そんなふうに考えると自分の文章の弱点も見えてくる。ブログのように始めも終わりもなく、どこを読み始めてもどこで終わってもいいような文章は割といくらでも書けるのだが、細部から全体まで一つのプリンシプルで貫かれた作品を作る力のようなものはまだ足りないなと思う。まあ文学賞というのは結局その力を見るためにあるのかもしれないなと思う。

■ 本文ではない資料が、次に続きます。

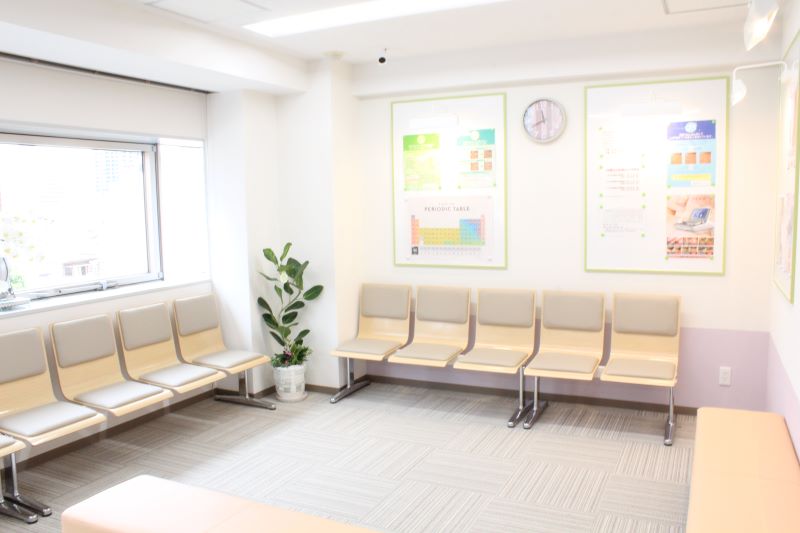 和皮ふ科クリニック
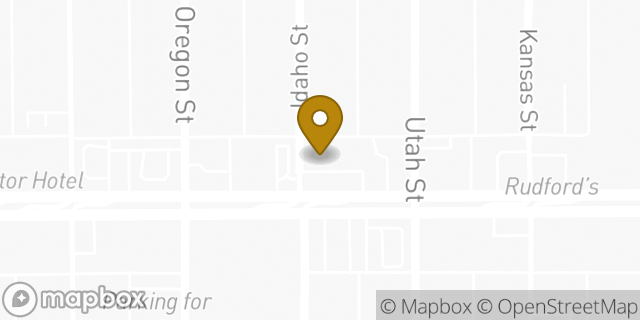 Map showing the location of 7-Eleven in San Diego, CA 92104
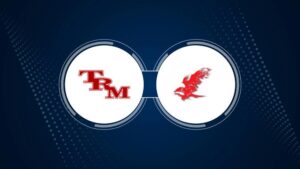 T.R. Miller vs. Pleasant Home School girl's volleyball live stream, TV – Thursday, August 29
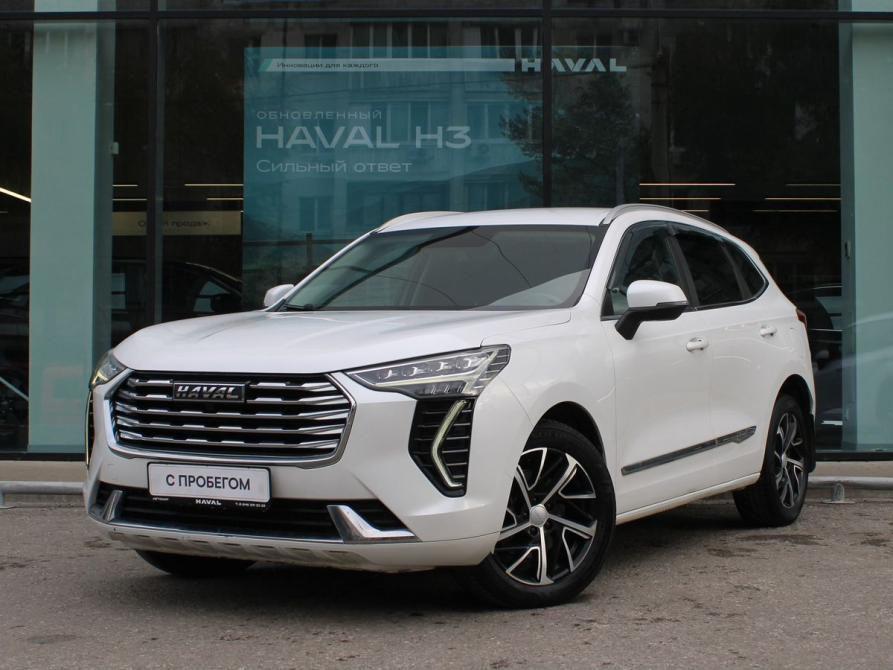 Haval Jolion I Самара  - изображение 1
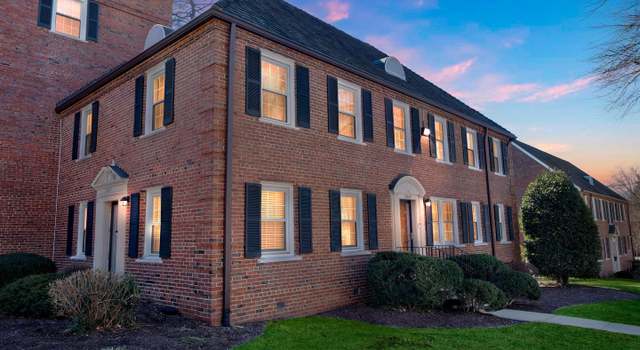 Photo of 3805 V St SE, Washington, DC 20020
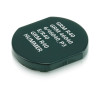 Сменная штемпельная подушка GRM R40, GRM 46040, 46140 PLUS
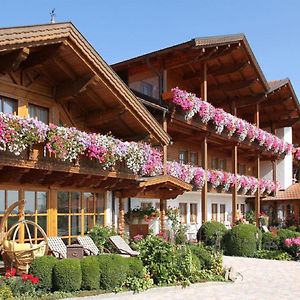 Haibach  Hotel Mariandl - Singender Wirt Exterior photo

まあ話が違う方にずれたが、私は幼稚園のころから計算は得意だったが、中学高校で英文法はからきしだめだった。これも小学生のころから変なオーラル英語でなくびしっと文法を一から教えてくれる人について勉強していたら抵抗なくいくらでもできるようになったのにと思うと本当に残念なのだけど、文章についてもしっかりとした構築力がある文章を書けるように指導してくれる人がいたら全然違ったなと思う。いや最後のものはさすがに求めること自体が困難だとは思うが。
というよりは、私は「地道な、意味のある練習」というものに飢えていたんだなと思う。入らざるを得なくて入った中学の部活は卓球部だったが、先生に教えられたことは一度もない。先輩にだって点数の数え方ぐらいだろうか。あとはただひたすら打ち合うだけ。いま思ったらひどい部活だ。先生が講堂(体育館はなかった。卓球部と剣道部が講堂を使っていた)に来ることはまずなかったのだから。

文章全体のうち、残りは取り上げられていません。